I study the Arab world for a living, so I was in Washington, D.C., earlier this week briefing American officials on government corruption in Yemen. Yet I was blindsided by our own local officials who, on a pretext, voted to deny the people of Carmel Valley the right to vote on incorporation. I would have thought that repudiating the people's right to vote in 21st century America was simply inconceivable. Welcome to Monterey County.


In December 1999, George Boehlert asked me to serve on a committee of the Carmel Valley Association, exploring whether incorporation was right for Carmel Valley. After county approvals of the Rancho San Carlos and September Ranch subdivisions, we knew that we needed local control of land-use decisions.


Our committee met for the first time in March 2000. In addition to George and me, our committee consisted of two former presidents of the Big Sur Land Trust and the CEO of Doctors on Duty. Over time, many other volunteers stepped forward to help research the pros and cons of incorporation.


When an initial fiscal study in 2001 proved that a town of Carmel Valley was financially feasible, we launched an independent group that would ultimately become the Carmel Valley Forum. The forum had one overarching goal: to make it possible for an informed electorate to vote on creating a town of Carmel Valley.


During the winter of 2002-03, dozens of volunteers from all over the valley collected 2,500 signatures on the petition that formed the basis of our application. The registrar of voters certified that 27 percent of all registered voters had signed. It was a magnificent achievement for grassroots democracy. Voters everywhere in the valley signed that petition. Contrary to popular myth, the three neighborhoods with the highest signature rate -- more than 50 percent each -- came from the mouth of Carmel Valley.


With the petition complete, the independent studies began. A comprehensive fiscal analysis from California's leading firm demonstrated what common sense indicates: a town of Carmel Valley would be on sound fiscal footing. A financial pact to help the county adjust over a decade's transition was hammered out. A successful municipal services review was completed. An environmental study concluded the obvious: incorporation was an administrative change that would have no impact on the environment.


In December, the Local Agency Formation Commission voted unanimously to adopt the recommended "negative declaration," meaning a full environmental impact report would not be needed before incorporation, although one would be required with the town's first general plan.

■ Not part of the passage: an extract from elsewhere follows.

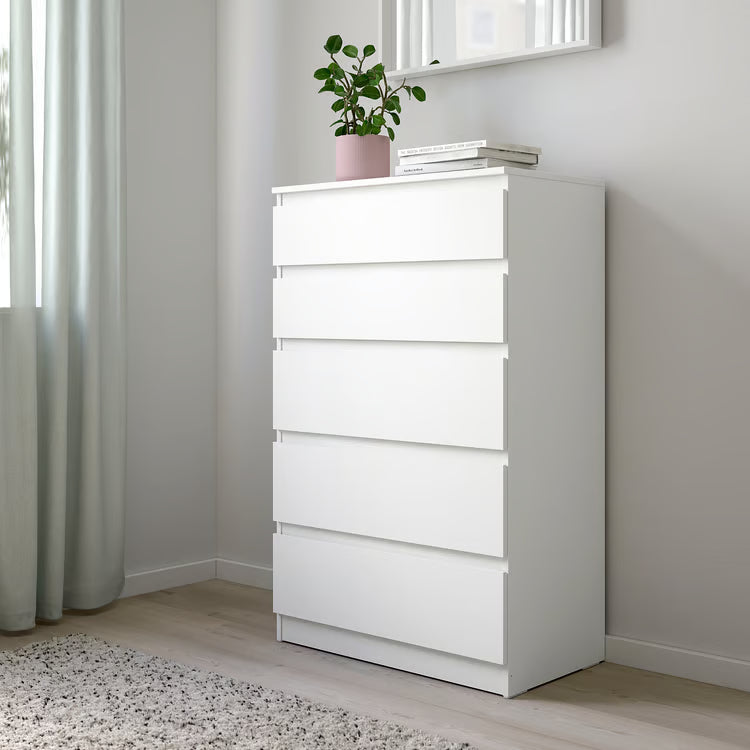 White dresser with a plant and books in a room with light gray walls and curtains.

We went to Sacramento and, with bipartisan leadership from Assemblyman John Laird and Sen. Abel Maldonado, got AB 1602 signed into law. This law corrects a technical error in California's budget, sending hundreds of thousands of dollars every year to the Town -- but only if we incorporate before 2009.


More than six years after we started, LAFCO'S executive officer completed her official report. It meticulously covered every aspect of the application and California law, and recommended that Carmel Valley voters decide this issue in June 2007.


Never before in California's history had a county's LAFCO rejected an executive officer's recommendation that incorporation be sent to the voters. Setting a new standard for arrogance, Monterey County LAFCO, led by supervisors Lou Calcagno and Jerry Smith, and former Supervisor Tom Perkins, rejected the staff report and told us to start all over again: a new environmental study, a new financial study, a new pact with the county, new borders -- everything.


Monterey County LAFCO set two other ignoble state records in its handling of Carmel Valley incorporation: the longest time ever to process an incorporation application, and the highest fees ever collected from proponents.


On what new evidence or expert testimony was this anti-democratic decision taken? None -- only a desperate letter submitted the day before by the law firm of Lombardo and Gilles. I understand why Tony Lombardo doesn't want to see a town of Carmel Valley: he has a 300-house subdivision proposal for Carmel Valley up for approval by the county, something a town council would never do.


If this were Yemen, I'd write it up as governmental corruption.


Glenn E. Robinson is a professor at the Naval Postgraduate School and president of the Carmel Valley Association.